How to Pick The Right Turntable For Your Vinyl Needs

high-end or vintage?

Whether you’re new to vinyl or you’re regretting your decision to yard-sale away the crates of LPs you lugged around for so many years, if you want to get (back) into tunes in grooves, you’re going to need a turntable. Here are three possible paths to a properly spinning platter. 

Third Man - turntable
The limited-edition Third Man Turntable is a joint effort from two Detroit brands: Shinola and Third Man Records.

>> If price is no object and you want to rep your hometown while reliving your vinyl years, go ahead and spring for Shinola’s limited edition Third Man Turntable. At $2,500, it ain’t cheap (though serious vinyl nuts will drop that much on a cartridge alone), but you’ll get your money’s worth. The table backs up its gorgeous, retro looks with serious audiophile specs. Most of its critical parts are made by high-end U.S. turntable maker VPI Industries, and it’s fitted with both an internal phono preamp and a factory-mouned Ortofon 2M Blue cartridge. You’ll be spinning tunes so soon you won’t have time to think about your depleted bank account.

>> If you’re more about music than material possessions, it’s time to ditch that crapy Crosley. The resurgence of vinyl has brought an explosion of good-sounding, affordable tables to the market. Massachusetts-based U-Turn’s colorful Orbit lineup runs from $179 for a basic model to over $600 for the top-of-the-line table with a built-in phono preamp. Another sure-bet option is the Rega Planar 1. At $475, it’s as much turntable as the average enthusiast/not yet-obsessive-compulsive audiophile is ever likely to need.

dual 1218 - turntable
When properly serviced, vintage tables like this Dual 1218 combine great sound with back-in-time aesthetics.

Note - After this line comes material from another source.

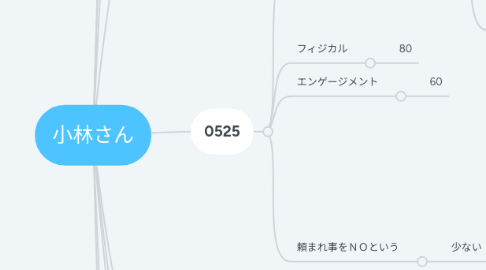 Mind Map: 小林さん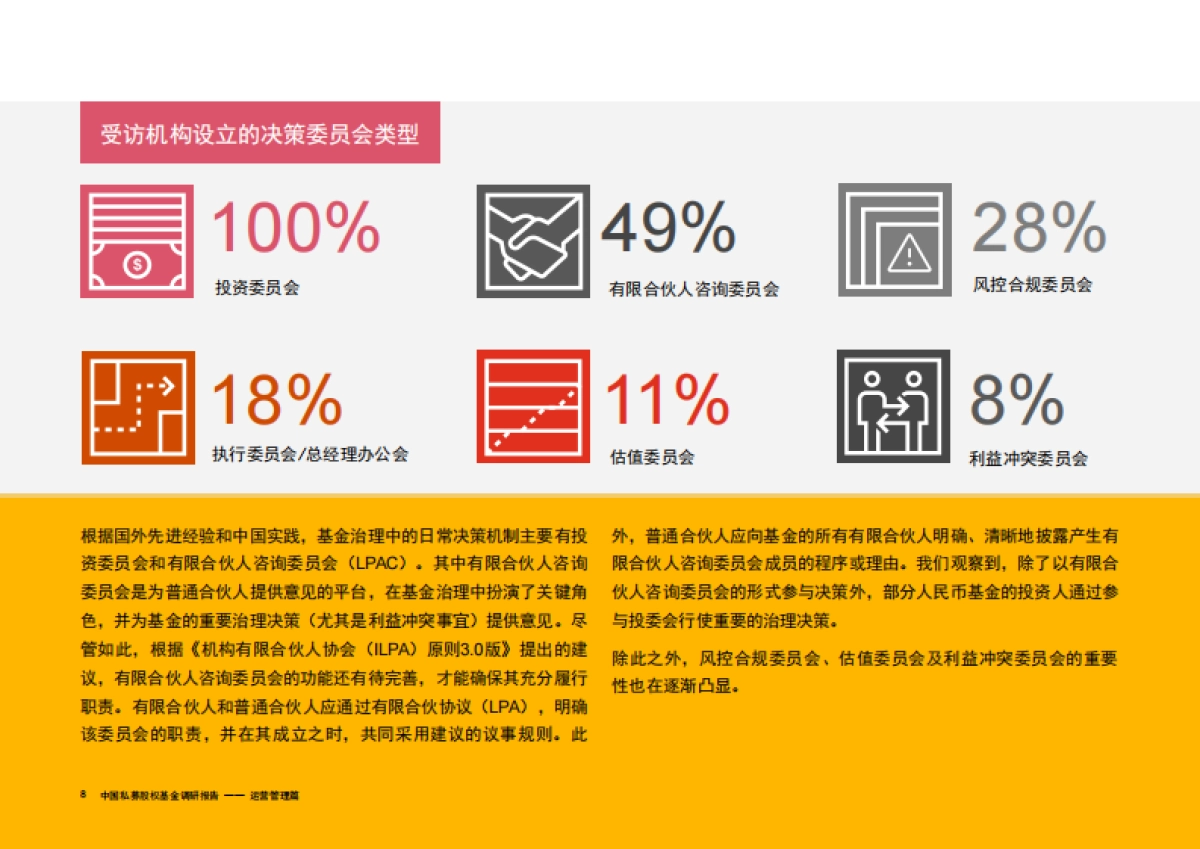 中国私募股权基金调研报告2021：运营管理篇-普华永道-36页_第9页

>> If you’re feeling nostalgic and are up for a little work, there’s no more authentic way to get spinning than to hunt down a turntable from vinyl’s glory years. They abound at yard sales, on Facebook Marketplace, or Craigslist for anywhere from nada to $250 or so. You might even have one in your own attic. Look for models from Dual, Pioneer, Marantz, Technics, Yamaha, or Thorens, and steer clear of anything made of cheap, lightweight plastic. With a little cleaning, lubrication, and a new stylus, these tables can sound every bit as good as today’s hi-fi offerings. And there’s nothing like listening to Led Zeppelin II on a platter that very likely spun it when it was hot off the press.